[The problem] Leaving out the pictures, return word for word the stretch of entries below from the line holding "These Romantic Disney" through the line holding "Apple iPhone 13".

[Data for this exercise]
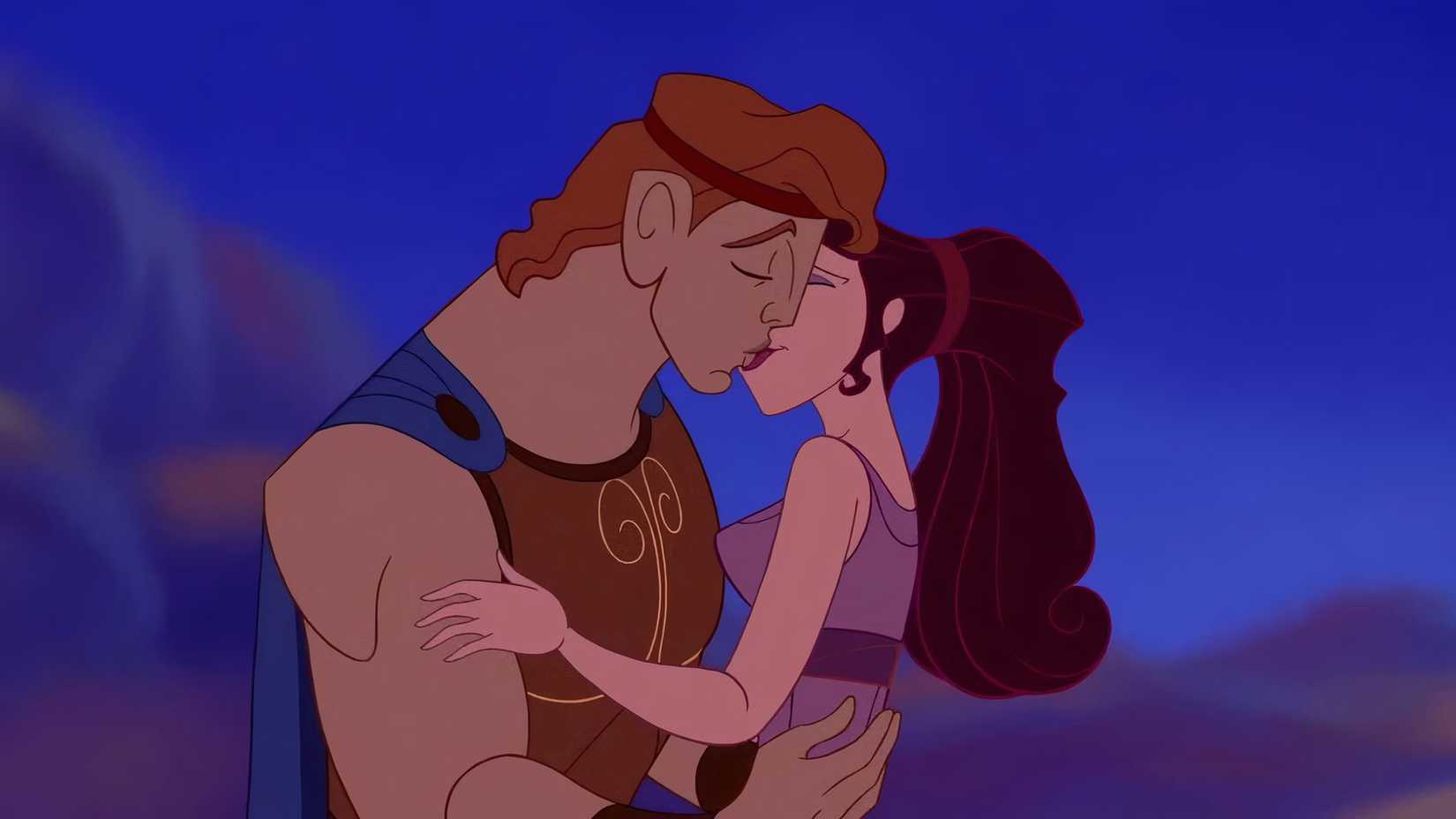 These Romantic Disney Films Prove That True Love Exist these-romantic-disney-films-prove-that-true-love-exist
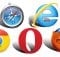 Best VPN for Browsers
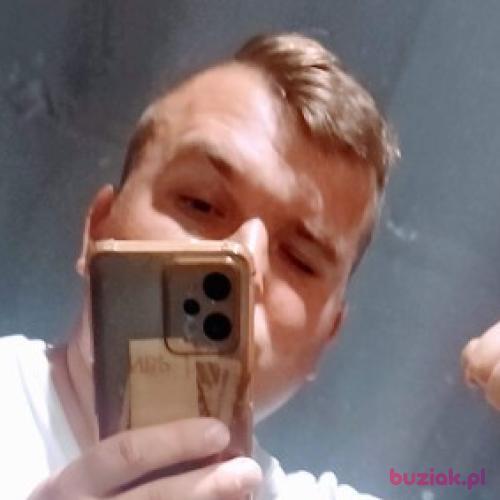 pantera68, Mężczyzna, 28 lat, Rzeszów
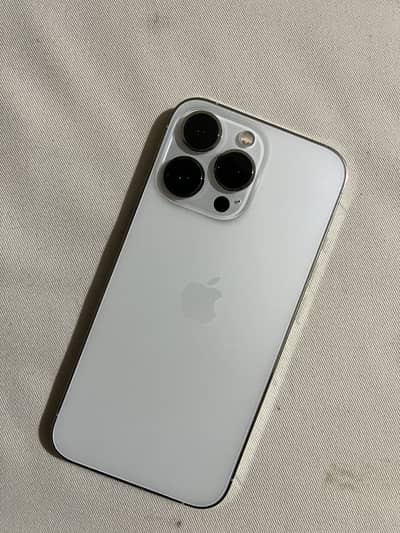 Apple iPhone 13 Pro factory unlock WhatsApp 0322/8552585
==
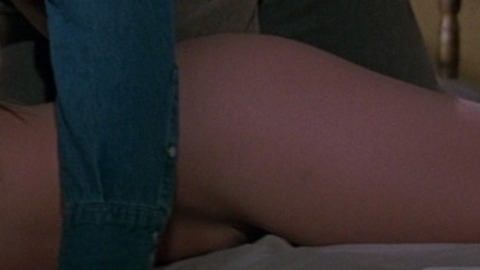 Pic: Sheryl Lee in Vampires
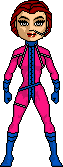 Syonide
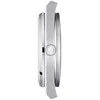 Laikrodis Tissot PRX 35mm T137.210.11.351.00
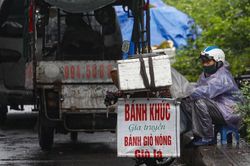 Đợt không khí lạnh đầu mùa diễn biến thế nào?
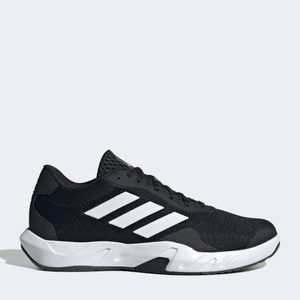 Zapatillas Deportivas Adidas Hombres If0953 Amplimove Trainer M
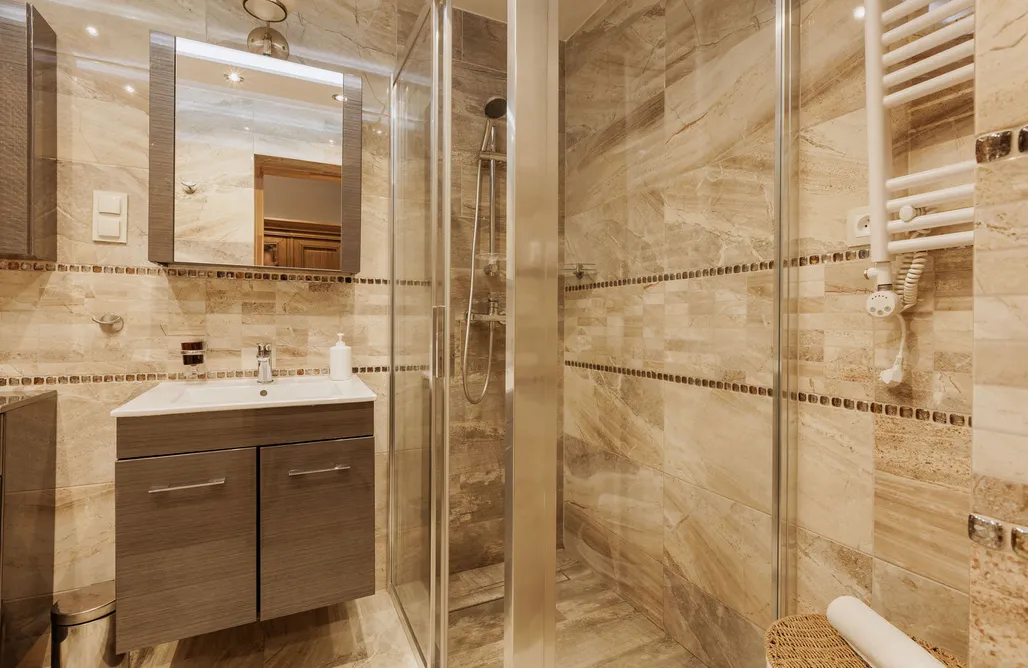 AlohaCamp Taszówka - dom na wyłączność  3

[Response box]
 These Romantic Disney Films Prove That True Love Exist these-romantic-disney-films-prove-that-true-love-exist
 Best VPN for Browsers
 pantera68, Mężczyzna, 28 lat, Rzeszów
 Apple iPhone 13 Pro factory unlock WhatsApp 0322/8552585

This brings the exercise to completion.